• **THE DATA**
========================================

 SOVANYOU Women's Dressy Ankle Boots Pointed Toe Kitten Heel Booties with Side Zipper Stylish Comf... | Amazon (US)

========================================

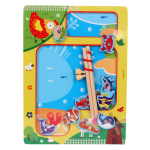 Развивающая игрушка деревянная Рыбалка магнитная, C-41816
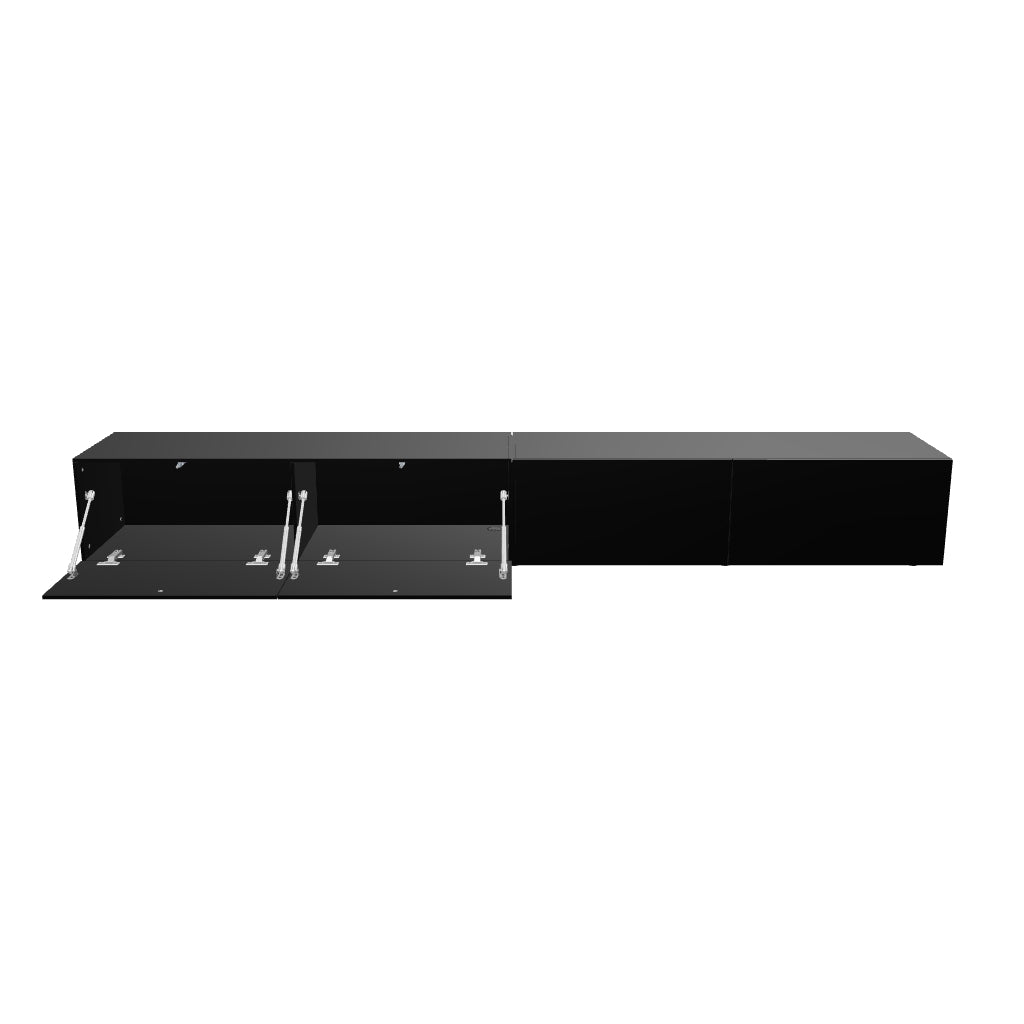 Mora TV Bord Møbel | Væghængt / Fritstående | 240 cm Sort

========================================

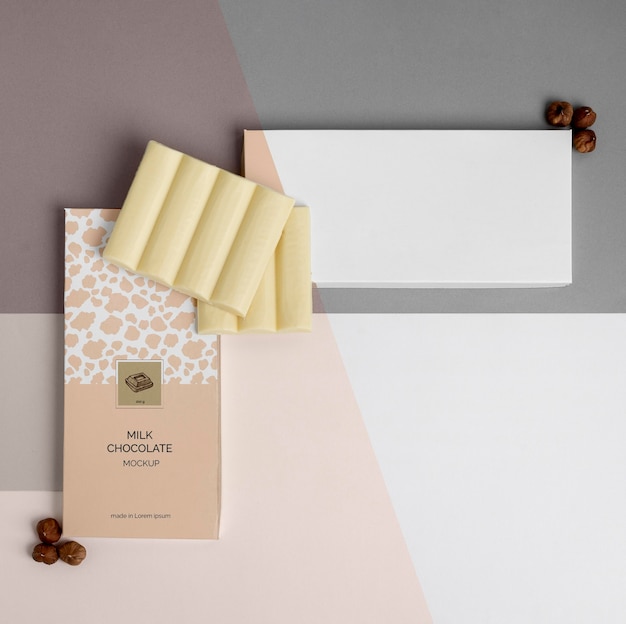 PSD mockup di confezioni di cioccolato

========================================

• **PROBLEM STATEMENT**
Reproduce the listing above exactly from the line containing "Развивающая игрушка деревянная" up to and including the line containing "Mora TV Bord", omitting any images and everything outside those lines.

• **THE COMPLETED TASK**
 Развивающая игрушка деревянная Рыбалка магнитная, C-41816
 Mora TV Bord Møbel | Væghængt / Fritstående | 240 cm Sort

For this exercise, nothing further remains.